Congos and their native bagboys speak against tribalism or tribal politics, but if it is convenient for them, they would use it to achieve the desired goal. They frown on public discussions of the Congo-Country divide, they speak of the need for unity, that all Liberians are one, that there is no Congo and Country and that Liberians should talk only about the present and not about the past, but deep down in their hearts, they want to, or think they should be, number one; they should rule Liberia. They continue to exhibit past behaviors. In other words, the descendants of the settlers uphold the philosophy of their forebears.

My Story

Let me tell you a true story.

I have a boyhood friend; in Liberia, we attended the same elementary school and did things together as if we were blood brothers. We left separately for the US as teenagers, lived together many times. As adults, our friendship grew stronger. We finished school and married with our respective families. God has blessed us.
We openly talk Liberian politics and discuss the social conditions in Liberia. He is an Americo-Liberian or Congo by birth and I am Kru. We see no major differences between us. Liberia is our country, and we are all Liberians.

In America, he bought a new house and had returned from a trip abroad, so three years ago, he invited me to visit him and his family and to see the house. One evening while we sat in the living room watching a show, he said:
“Nyanfore, I want to become president of Liberia”. I paid no attention and focused on watching the show.
“Nyanfore”, he said louder touching my shoulder and wanting my attention.
“I want to run for the presidency of Liberia 2017”, he continued. He had gotten my attention now.
“O ya, are you kidding”? I asked.
“I am not kidding, I am serious” he replied. I know that he is an American citizen, therefore I asked again.
“So how about your American citizenship, and how about the 10 years residency clause required for presidential candidacy? You have been away from Liberia for over 15 years”. I pointed out and added,
“You know you can not be an American citizen and want to become president of Liberia; and the 10 years clause will affect you”.
That is not a problem; I will fix it. He replied, and said,
“That country is for us the Americo-Liberians”. We should be president; we should rule that country”.
I was quiet; I was shocked, stunned. I could not believe what I was hearing.
“The country people, or the native people, shouldn’t run that country”, he continued. “Doe got lucky, we overlooked him, but it would not happen anymore”, he said. Then he turned to me.
“Nyanfore, you are a smart guy, you went to some of the best schools in this country; I can appoint you minister if I win. Are you with me? He asked.
“Hmmm!”, I said, frowning. I could not say anything further. I could not argue with him nor discuss the subject further. He was serious. I knew; he never talked like that before. He was voicing his true feeling.

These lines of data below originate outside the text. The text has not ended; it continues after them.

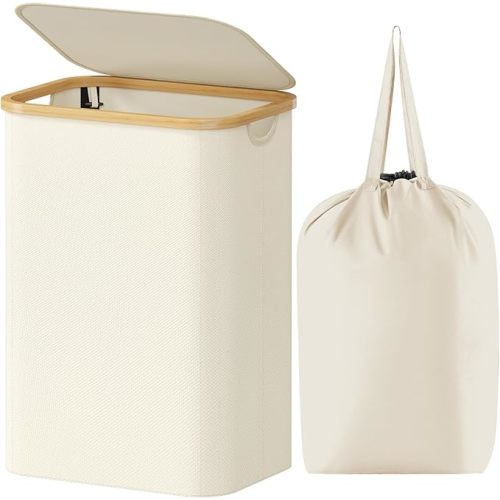 Laundry Basket with Lid - White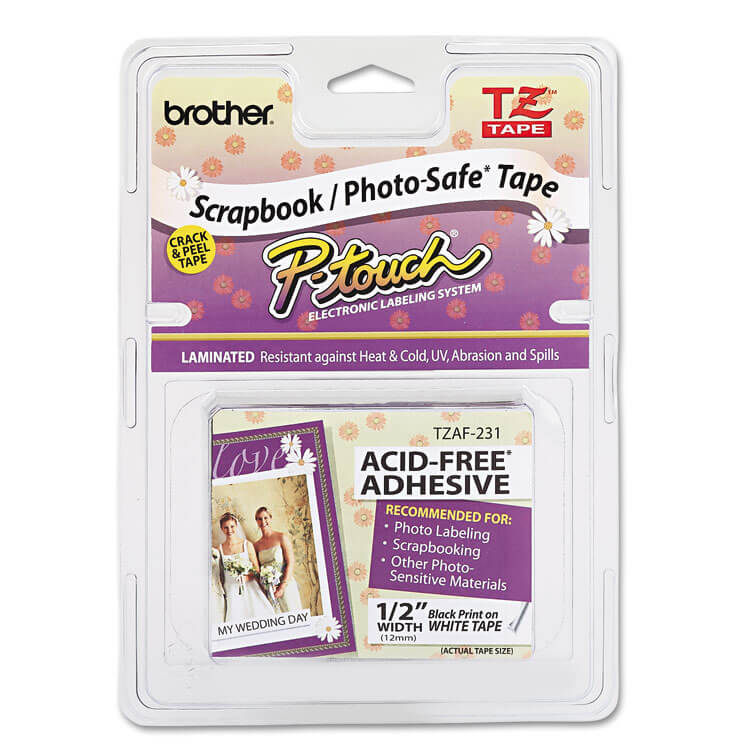 Brother P-Touch TZ Photo-Safe Tape Cartridge, 0.47" x 26.2 ft, Black Brother P-Touch TZ Photo-Safe Tape Cartridge, 0.47" x 26.2 ft, Black
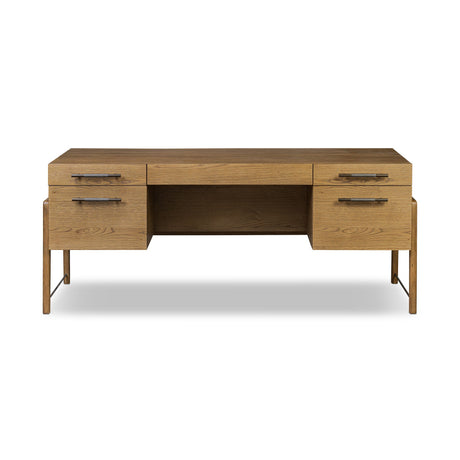 Rosedale Executive Desk in Amber Oak Veneer from Four Hands - Luna Furniture
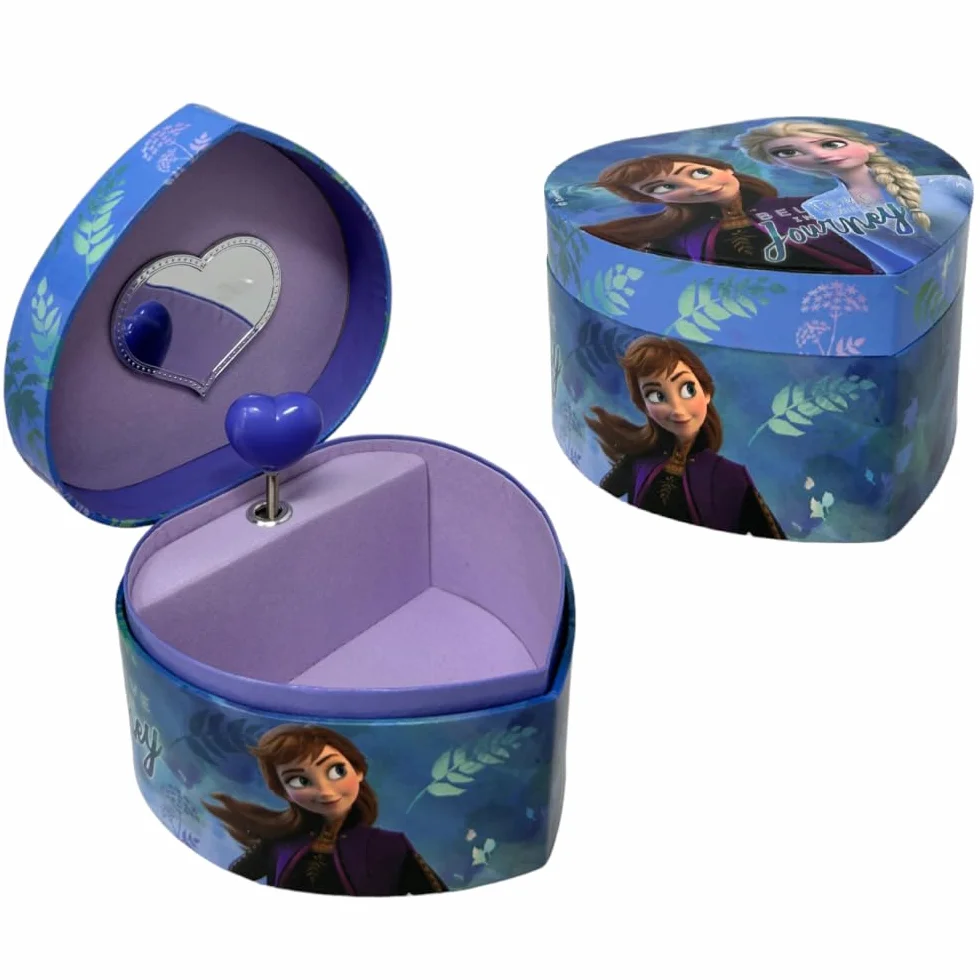 Pudełko na biżuterię z pozytywką Kraina lodu Disney Pudełko na biżuterię w kształcie serca 14,8 x 13,5 x 8,6 cm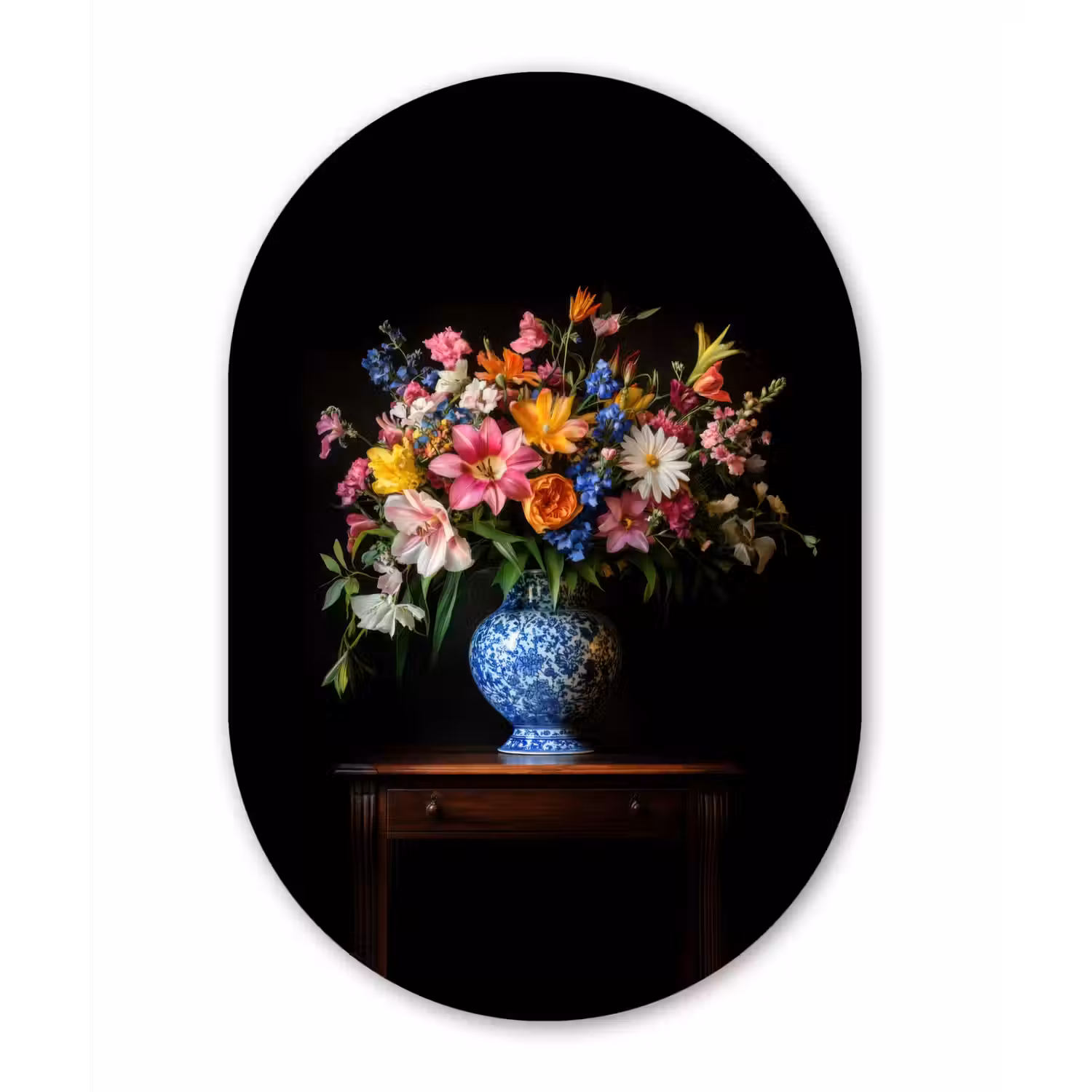 Kleur - Vaas - Bloemen - Boeket Wandcirkel Ovaal Glas middel -3d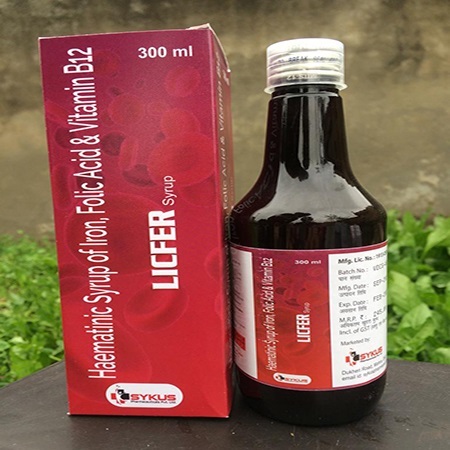 Product Name: Licfer, Compositions of Licfer are Haematinic Syrup of Iron, Folic Acid and Vitamin B12 - Sykus Pharmaceuticals Private Limited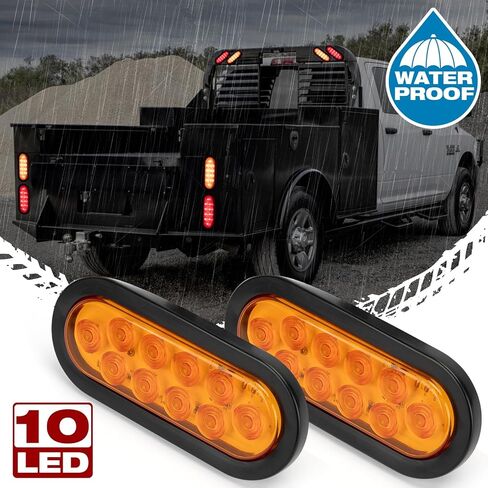 قطعتان من مصابيح LED للمقطورة مقاس 6 بوصات، مصابيح إيقاف الانعطاف مع حلقة معدنية وقابس، مصابيح علامة التخليص الجانبية محكمة الغلق - أحمر بيضاوي in Kuwait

What I heard ran a chill in my spine. I later went to sleep in the room, which his wife had nicely prepared for me. I just could not sleep, thinking about what he said.
I departed for Washington, DC, my home town. On my trip home, I thought about what he said. Here was a friend who was like a brother. We saw each other as one, despite our different ethnic backgrounds. Now he felt that in the country where we were born he has more privilege and opportunity than me. He felt that he can become president and I will be his minister. To him, the country is for him and his likes. The land is their birthright. Because he is a Congo, he should be president.

The thought of the incident stayed on my mind until I arrived home after about a six-hour trip. My friend’s quest for the presidency was not based on his education, experience, honesty, integrity, demonstrated concern and love for the country and people. Rather, his was purely based on the fact that he is a Congo. His quest was also a gross disregard for the Liberian constitution, which forbids dual citizenship and a foreigner from participating in Liberian elections.

Later, my friend left for Liberia to run his campaign. I am disappointed, not merely for his view, but his audacity to disrespect the constitution.